Firing the creativity in children

The winners made an agricultural tricyle using scrap materials
The winners made an agricultural tricycle using scrap materials.

To boost the initiative and provide students with a platform to showcase their talents, L&T initiated STEM fests beginning in October 2023. Over 6,000 students from Classes 6 to 9 actively participated in intra and inter-school level competitions.

The STEM model-making competition featured interesting themes — such as green and sustainable energy, waste management, smart schools, and satellite and launch vehicles. From these themes, 208 teams were selected for the regional level competition, and ultimately, 24 teams from cities — including Chennai, Coimbatore, Hazira, Vadodara, Talegaon, and Mumbai — advanced to the finale in Mumbai.

L&T’s employee volunteers played a crucial role in mentoring and assisting students, helping them refine and perfect their models for the competitions.

The Government High School, Gerugambakkam, Chennai, won the challenge, while the Government High School, Velappanchavudi, Chennai and Shree Kanchanlal Mamawala Surat Municipal Corporation School (Hazira, Gujarat) emerged as the first and second runners-up.

The three winning schools received cash rewards — Rs 50,000 for the national champion, Rs 30,000 for the first runner-up, and Rs 20,000 for the second runner-up — to facilitate the upgrading of their science labs. Additionally, all three winning teams were presented with telescopes, drones and a DIY Robotics Kit, providing them with further exposure to STEM.

As a special opportunity, the winning teams were invited to visit L&T’s tech projects and engage in interactions with the leadership team, enriching their understanding and appreciation of real-world applications in the field.

In a block level coding workshop organised by AIF, Class 7 students — Santhosh M and Yuvan Shankar Raja K from Government High School, Velappanchavadi, Chennai — tackled the topic of waste management.

A modern waste segregating system made by students
A modern waste segregating system made by students.

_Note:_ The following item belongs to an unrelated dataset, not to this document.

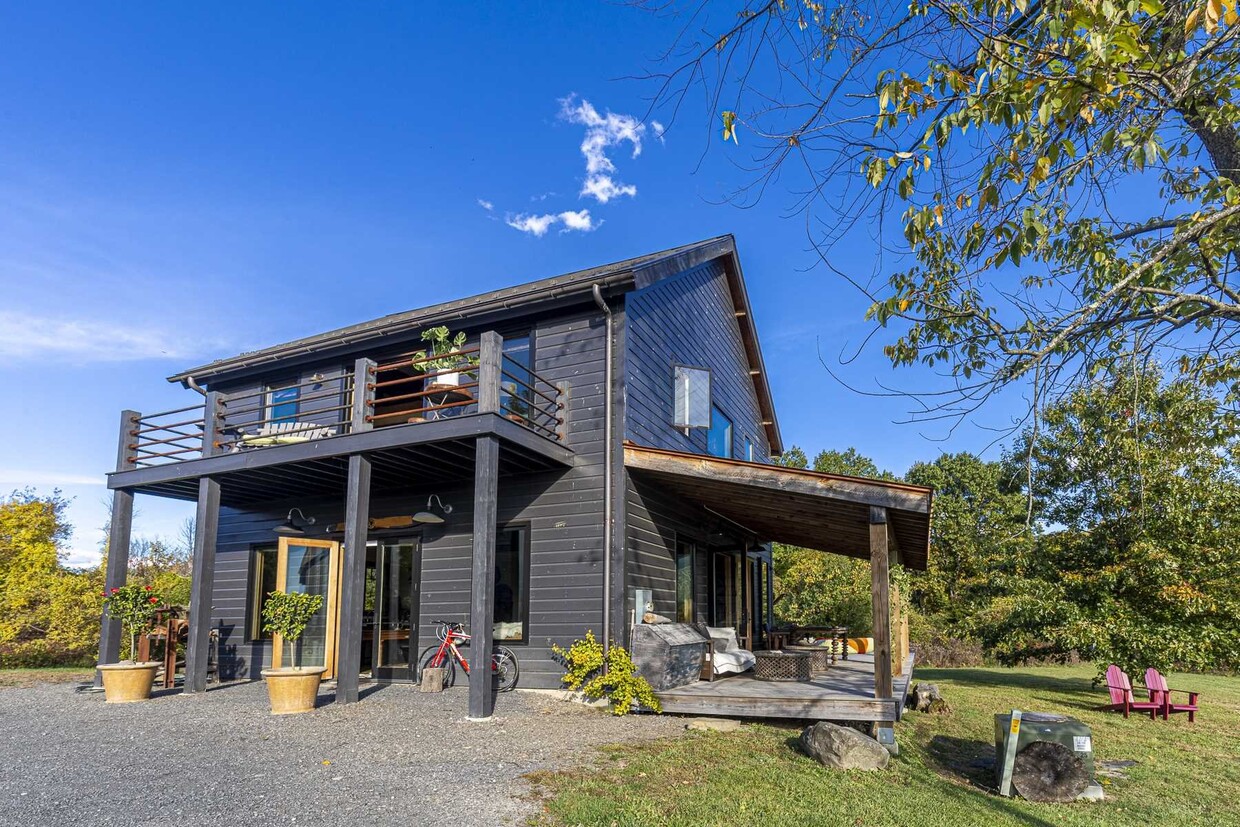 114 Best Ln, Germantown, NY 12526 House Rental in Germantown, NY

They developed a modern waste segregating system featuring sensors on each bin — designated for biodegradable, non-biodegradable, and e-waste. These sensors guide users on the appropriate bin for their waste disposal. Their innovative approach involves attaching sensors and cameras to each bin, aiming to facilitate waste separation at the source. Biodegradable waste is intended for composting, while non-biodegradable waste is directed towards recycling.

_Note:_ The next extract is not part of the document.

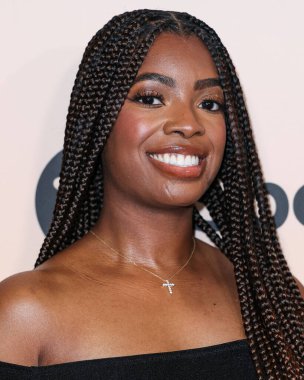 Ashley Moss, 8 Kasım 2024 'te Beverly Hilton Oteli' nde düzenlenen 3. Geleneksel Femme It Forward 'Give her FlowHERS' ödül galasına geliyor..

“Currently, only nine percent of waste is recycled. If implemented, our invention can increase the waste recycled and prevent baby sea turtles from having plastic in their stomachs,” shares Santhosh, one of the finalists.

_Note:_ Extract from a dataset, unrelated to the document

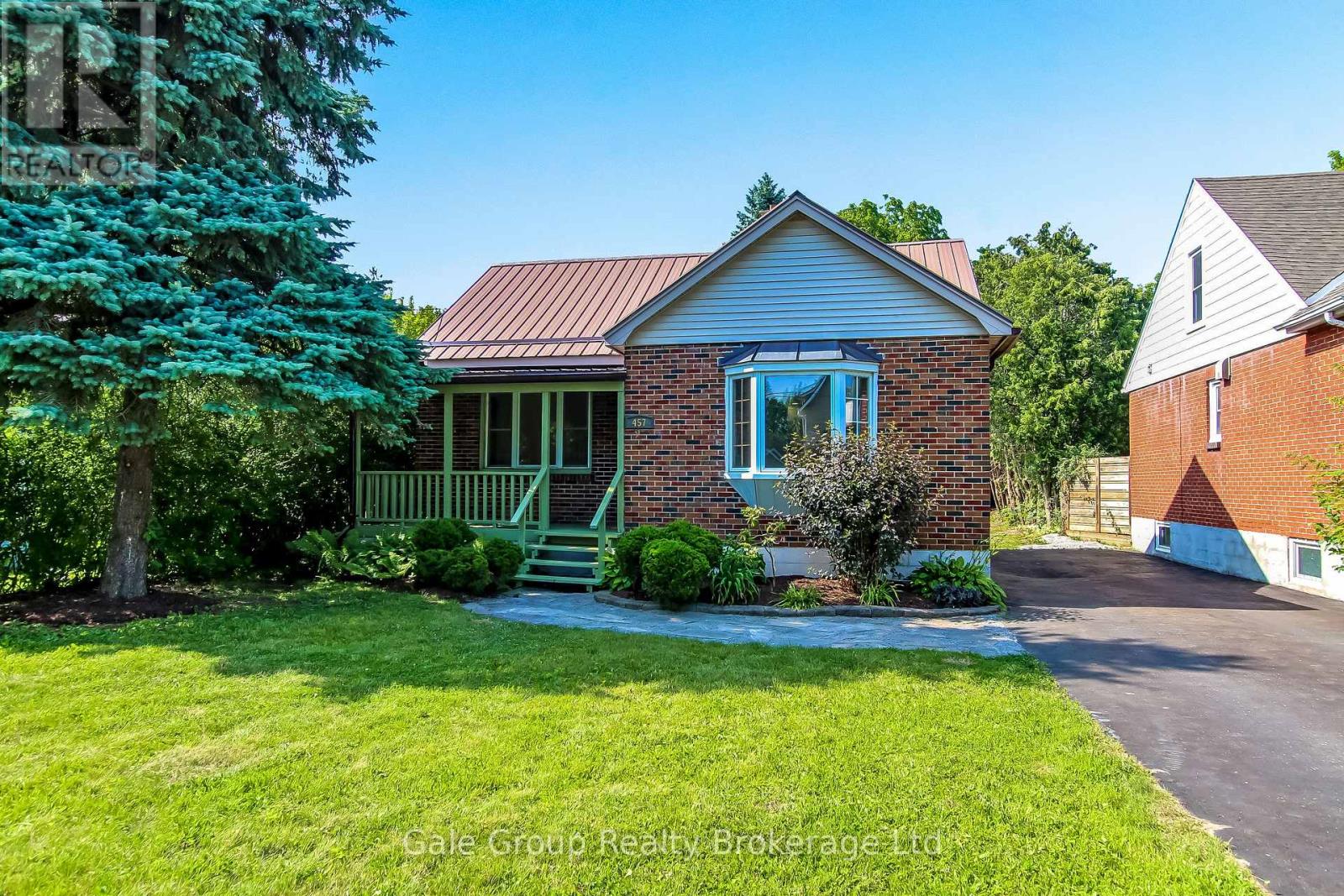 457 BRANT STREET - 1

Hailing from a farming background, Apurva Shirsat and Kausar Pathan of the Tulshet Pada Marathi Medium School have innovated a farm protector, which uses two different types of sensors to ensure farm safety without harming animals. Furthermore, Gowtham and Vijay Darshan — belonging to a hilly area with just one bus in the morning — built a hydroelectric generator that can solve the problem of electricity using waste water collected during handwash to generate electricity.

According to L&T’s assessment of a sample of 75 schools involved in its initiative, and testing of 625 students, a notable improvement in subject-wise performance was noted. More than 50 percent of the students demonstrated the ability to develop their own projects. Teachers highlight that students — ranging from those seated in the last row to the quieter ones in class — are now able to effectively express themselves through their STEM projects.